The first divers hit the water Tuesday at noon. DeWolf went in Wednesday around 7:50 a.m. CDT with the day’s divers, but didn’t return as expected about four hours later.

“Some of the divers went back down and ended up recovering his body,” said U.S. Coast Guard 1st District public affairs officer Connie Terrell.

Coast Guard helps out

The John Jack’s crew was assisted by a detail from the U.S. Coast Guard’s Hammerhead, an 87-foot cutter dispatched when Joseph Terzuoli, captain of the John Jack, sent out a distress signal. From there, the John Jack brought DeWolf back to Montauk. Terzuoli’s wife, Susan, said he was unavailable for comment Friday as he helmed the John Jack back to its home port of Brick, N.J.

Ecker said there would be an autopsy at the Suffolk County Medical Examiner’s Office in Happauge, N.Y., and that the toxicology report would be forthcoming.

“They have to check his tanks and so forth, and with the tanks it could take a couple months,” Ecker said.

DeWolf headed Tri-Tek Communications Inc., which touts itself as “a full-service provider of turnkey solutions to the telecommunications, cable television and various other industries” on its Web site. He and his wife, Tammy, were married 18 years and had three daughters: Amanda, 17; Christina, 15; and Kaitlyn, 12.

Amanda said she is soldiering on because “the crying has all gone out of (her) system.” A family member said DeWolf had been diving for more than 20 years.

Ann Keibler of Houston-based dive shop Oceanic Ventures Inc., confirmed that she knew DeWolf but would not confirm that she had dived with him or comment further, citing the family’s wishes.

Interest in Andrea Doria

In October of last year, DeWolf went on a trip to the Cayman Islands and brought back an ornate glass chandelier that seems to have piqued his interest in the Andrea Doria.
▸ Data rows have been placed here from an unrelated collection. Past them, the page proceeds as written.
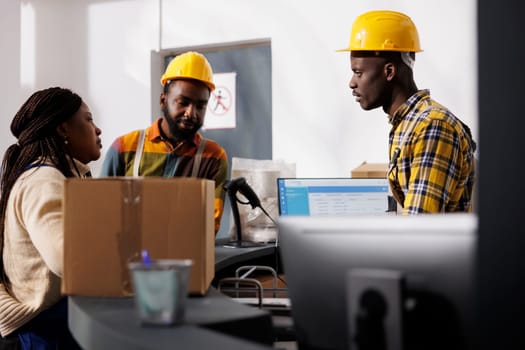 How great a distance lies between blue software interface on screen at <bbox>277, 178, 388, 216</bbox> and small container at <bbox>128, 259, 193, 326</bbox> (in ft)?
7.42

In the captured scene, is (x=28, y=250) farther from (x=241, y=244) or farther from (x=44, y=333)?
(x=241, y=244)

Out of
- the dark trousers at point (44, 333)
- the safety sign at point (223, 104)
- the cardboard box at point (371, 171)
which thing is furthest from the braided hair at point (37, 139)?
the safety sign at point (223, 104)

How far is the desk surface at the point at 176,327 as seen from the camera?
1.11 m

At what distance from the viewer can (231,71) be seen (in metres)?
4.61

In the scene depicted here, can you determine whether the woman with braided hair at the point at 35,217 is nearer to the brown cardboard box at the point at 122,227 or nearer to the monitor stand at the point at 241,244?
the brown cardboard box at the point at 122,227

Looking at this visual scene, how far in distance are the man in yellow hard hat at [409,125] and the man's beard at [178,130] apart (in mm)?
957

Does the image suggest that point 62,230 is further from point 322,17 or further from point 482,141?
point 322,17

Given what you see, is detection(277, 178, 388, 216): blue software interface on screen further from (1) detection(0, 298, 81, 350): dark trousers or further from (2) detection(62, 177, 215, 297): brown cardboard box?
(2) detection(62, 177, 215, 297): brown cardboard box

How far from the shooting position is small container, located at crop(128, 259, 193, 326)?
120 cm

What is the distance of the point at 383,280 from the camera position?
1029mm

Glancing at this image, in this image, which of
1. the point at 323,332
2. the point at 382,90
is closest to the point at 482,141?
the point at 323,332

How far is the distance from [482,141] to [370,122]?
3.16m

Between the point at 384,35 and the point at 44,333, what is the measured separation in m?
1.42

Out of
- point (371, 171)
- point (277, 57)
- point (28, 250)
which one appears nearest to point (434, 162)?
point (28, 250) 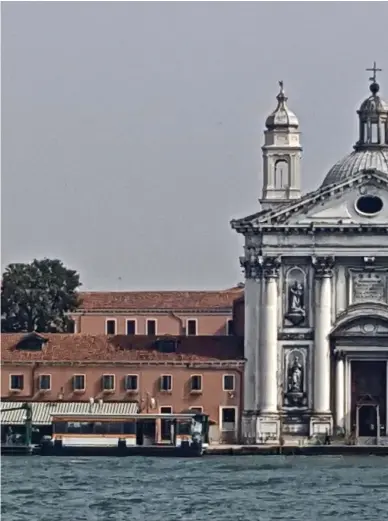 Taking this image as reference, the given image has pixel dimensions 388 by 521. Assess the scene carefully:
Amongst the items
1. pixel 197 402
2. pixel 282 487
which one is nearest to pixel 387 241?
pixel 197 402

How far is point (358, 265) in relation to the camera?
90.1 m

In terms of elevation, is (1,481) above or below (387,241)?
below

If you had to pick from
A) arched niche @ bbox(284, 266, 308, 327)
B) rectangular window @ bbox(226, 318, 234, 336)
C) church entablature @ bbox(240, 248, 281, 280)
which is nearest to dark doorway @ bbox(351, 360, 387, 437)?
arched niche @ bbox(284, 266, 308, 327)

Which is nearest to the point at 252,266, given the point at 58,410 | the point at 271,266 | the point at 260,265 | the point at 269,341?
the point at 260,265

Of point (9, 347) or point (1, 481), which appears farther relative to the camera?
point (9, 347)

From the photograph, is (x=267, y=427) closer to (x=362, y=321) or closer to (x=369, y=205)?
(x=362, y=321)

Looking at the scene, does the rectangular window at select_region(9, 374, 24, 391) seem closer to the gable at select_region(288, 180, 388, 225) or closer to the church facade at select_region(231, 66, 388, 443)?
the church facade at select_region(231, 66, 388, 443)

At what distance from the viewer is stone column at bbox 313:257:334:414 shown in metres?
90.1

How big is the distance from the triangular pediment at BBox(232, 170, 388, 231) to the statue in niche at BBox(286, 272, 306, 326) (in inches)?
68.6

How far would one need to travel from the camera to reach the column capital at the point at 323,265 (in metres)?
89.9

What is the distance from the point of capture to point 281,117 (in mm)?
92938

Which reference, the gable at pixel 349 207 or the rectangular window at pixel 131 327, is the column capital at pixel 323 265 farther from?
the rectangular window at pixel 131 327

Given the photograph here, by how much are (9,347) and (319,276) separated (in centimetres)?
983

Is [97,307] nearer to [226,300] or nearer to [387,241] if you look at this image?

The Italian luxury liner, which sank in 1956, is popular with divers not only because of the technical challenges it presents, but because it is considered a trophy dive: The wreck, now deteriorating rapidly, is dotted with relics such as embossed china cups and dishes.

“He liked really unique things that told a story by (themselves),” Amanda DeWolf said of her father.

Typically divers who make deep, dangerous dives to sites like the Andrea Doria are “technical” divers, who are more highly trained and use more advanced equipment than “nontechnical” divers, who seldom venture deeper than 130 feet.

DeWolf family photo

Terry Sean DeWolf, head of Tri-Tek Communications, died Wednesday after diving to the Andrea Doria shipwreck.


The Italian luxury liner Andrea Doria sank in 1956, claiming 51 lives. Today, the shipwreck is considered the Mount Everest of diving. Fifteen divers have died attempting to dive the shipwreck.

Our sincere condolences go out to the DeWolf family and my thanks to Neil Stratton of the chron.com who first reported this story


One comment

  1. Just wanted to thank-you for an incredibly accurate, and honest account of what some of us do. I had the fortune of running a trip to the Doria, exactly one week to the day prior to Terry’s unfortunate passing. Our trip, thankfully went off without a hitch. Aside from some bad weather, everyone returned safe and sound.

    It is unfortunate also, that some people take our sport lightly, and disregard all need for proper training, and experience to execute the dives they are trying to do. This story is a perfect example of someone who, even though, has the necessary skills, still succumbs to the sea.

    Thanks again for sharing this tragic, but incredible story.